Bent Ley Mill is a Grade II listed building in the Kirklees local planning authority area, England. First listed on 6 April 1967. Silk-throwing mill. 2 related planning applications.

Bent Ley Mill

WRENN ID
stubborn-wicket-lake
Grade
II
Local Planning Authority
Kirklees
Country
England
Date first listed
6 April 1967
Type
Silk-throwing mill
Source
Historic England listing

Also on this page: EPC · related consents · flood risk · radon risk · detailed attributes ↓

Description

Bent Ley Mill is a silk-throwing mill, built in 1840 for Charles Brook, comprising a warehouse and office block, an attached shed, an engine house, a boiler house, and a separate chimney. The building is constructed of coursed gritstone and ashlar, with a brick-vaulted front range resting on cast-iron beams with parallel-sided flanges. The warehouse-office block is two storeys high and seven bays wide, with three central bays projecting forward under a pediment incorporating a central clock face. A late 20th-century alteration is visible on the right return, where an upper-floor taking-in door has a plain stone surround.

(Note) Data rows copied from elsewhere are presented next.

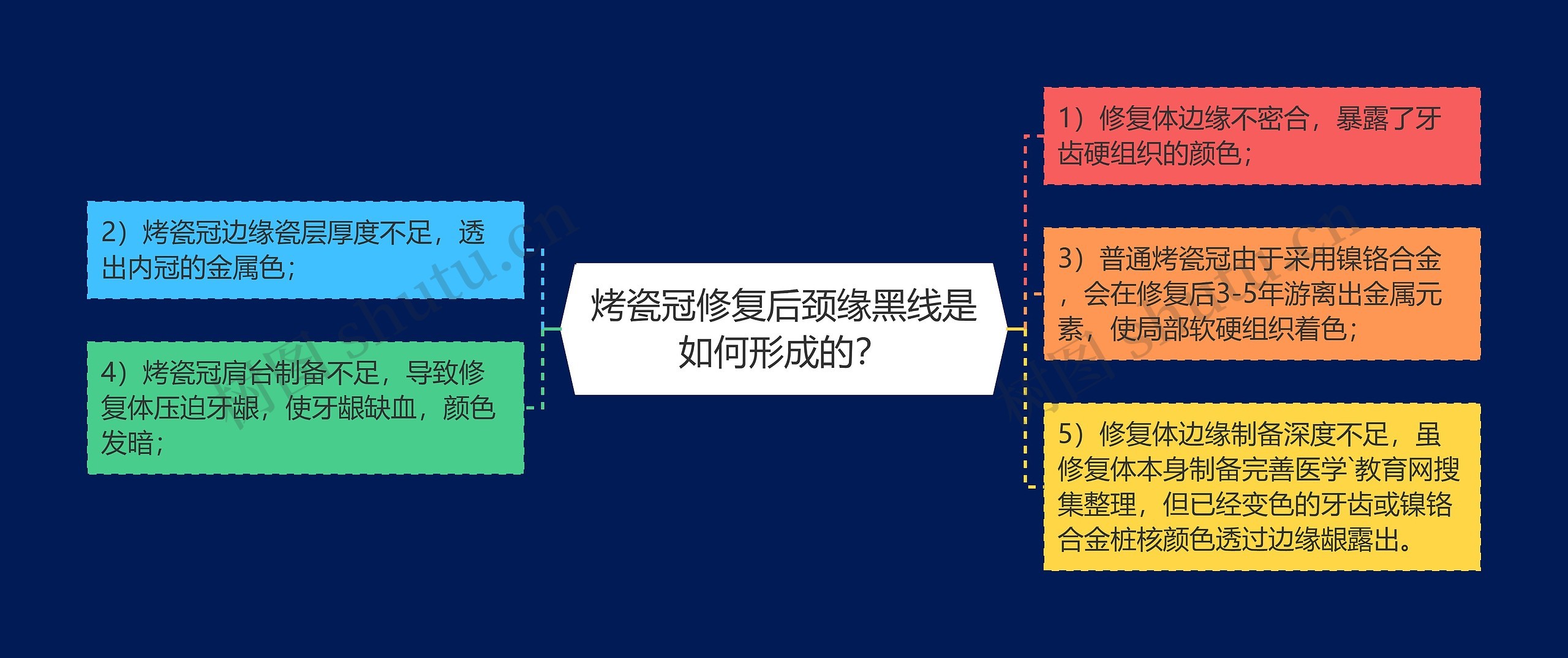 烤瓷冠修复后颈缘黑线是如何形成的？思维导图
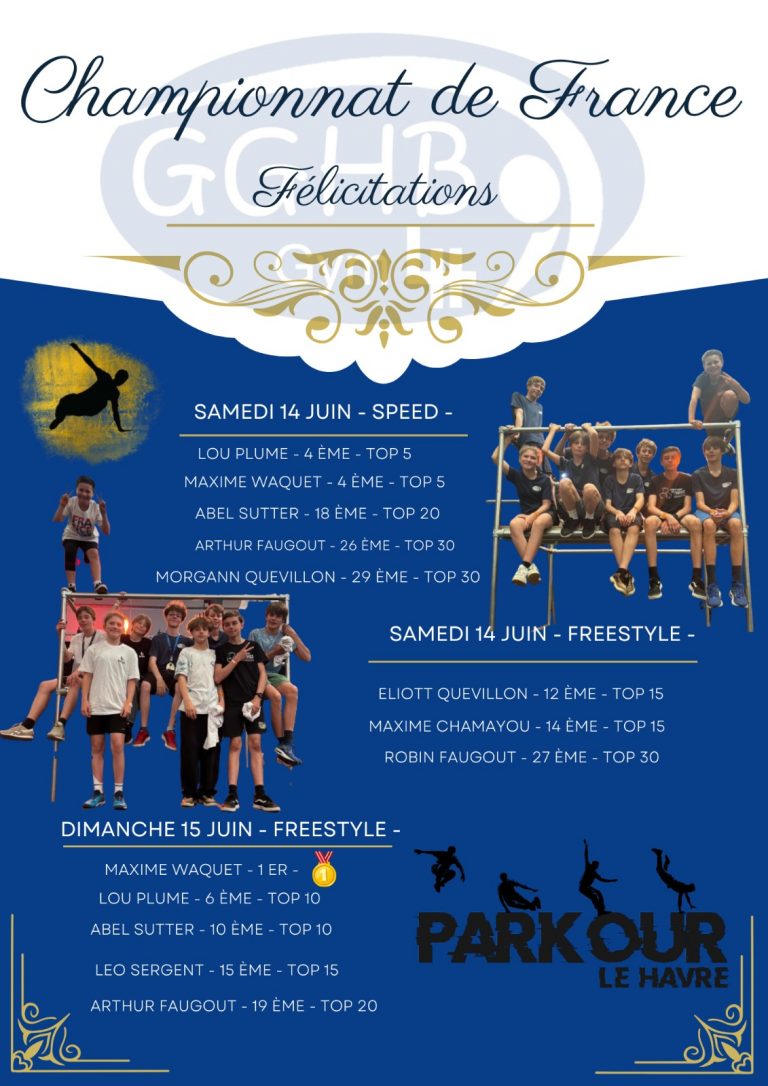 Retour sur le Championnat de France – Rennes, 14 et 15 juin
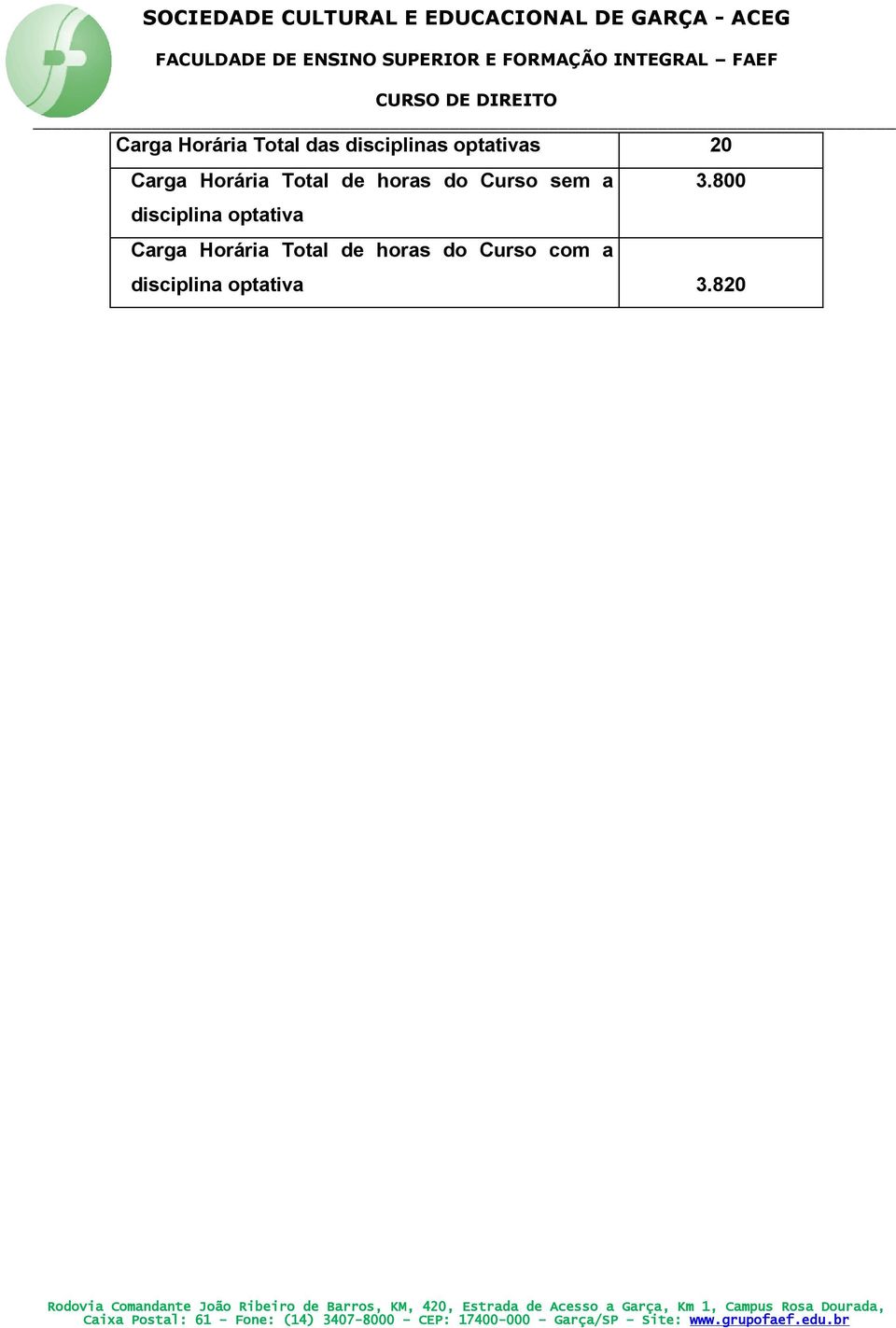 800 disciplina optativa Total de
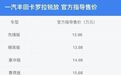 卡罗拉锐放来了，卖12.98万起，实车比C-HR还帅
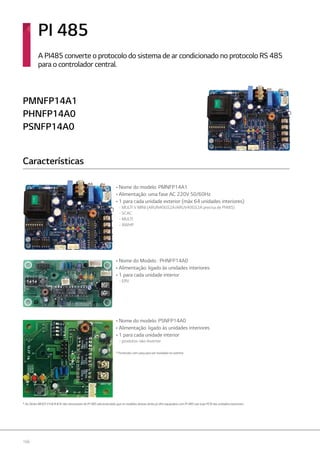 166
* As Séries MULTI VII III IV não necessitam de PI 485 adicional dado que os modelos destas séries já vêm equipados com PI 485 nas suas PCB das unidades exteriores.
• Nome do Modelo : PHNFP14A0
• Alimentação: ligado às unidades interiores
• 1 para cada unidade interior
- ERV
• Nome do modelo: PSNFP14A0
• Alimentação: ligado às unidades interiores
• 1 para cada unidade interior
- produtos não-Inverter
* Fornecido com caixa para ser instalado no exterior.
• Nome do modelo: PMNFP14A1
• Alimentação: uma fase AC 220V 50/60Hz
• 1 para cada unidade exterior (máx 64 unidades interiores)
- MULTI V MINI (ARUN40GS2A/ARUV40GS2A precisa de PI485)
- SCAC			
- MULTI
- AWHP
A PI485 converte o protocolo do sistema de ar condicionado no protocolo RS 485
para o controlador central.
Características
PI 485
PMNFP14A1
PHNFP14A0
PSNFP14A0
 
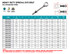 Suncor Heavy Duty Special Eye Bolt Set 316 Stainless Steel S0319-0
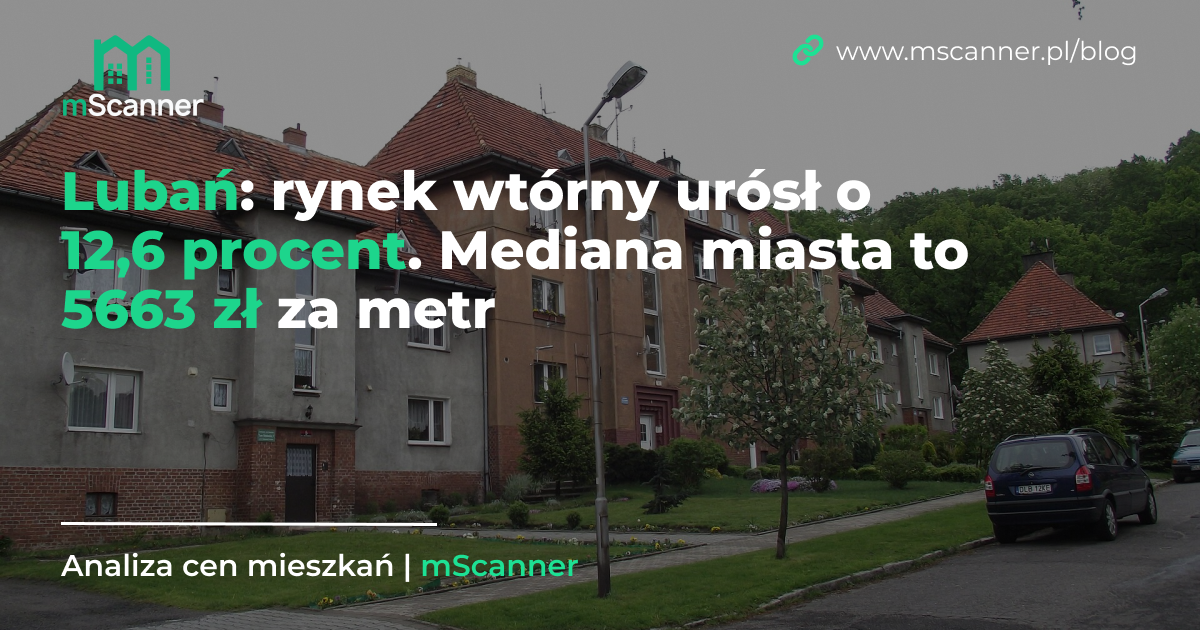 5663 zł za metr w Lubaniu, a rynek wtórny urósł o 12,6 procent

The interior of the front office and warehouse range features a brick-vaulted ground floor, a central staircase, and a stone fireplace in the southeastern room. Original wide arched openings provide access from the office range to the rear shed, and a narrow doorway leads into the shed from the central bay. The first floor of the southeast corner office includes a moulded ceiling cornice, a six-panel door, architraves to windows with panelled shutters, and a fireplace with a plain stone surround and moulded shelf.

The rear shed consists of six by ten bays. It contains cast iron columns with moulded caps and slots for beams, along with arched open-work trusses supporting a north-light roof. The outside half-width bays have simpler trusses of tie, strut, and principal form. I-section beams run the length of the shed and carry rainwater gutters; inverted T-section beams with inverted fish-bellied profiles previously supported line shafting and have drilled bracket fixings. The southeastern wall has five doorways, possibly originally for privies, and later partially obscured by additions. An ashlar block in the northeastern back wall marks the position of the power transmission shaft from the surviving narrow beam-engine house. Adjacent to the engine house is the boiler house, with a freestanding, octagonal-section tapering chimney to the southeast, currently lacking its cap and featuring iron banding.

Charles Brook was from a family of Meltham cotton mill builders, and he developed the silk business in the 1830s. The mill was built in 1840, recorded as 'Brook and Nephews, silk throwsters, Bentlee Mills'.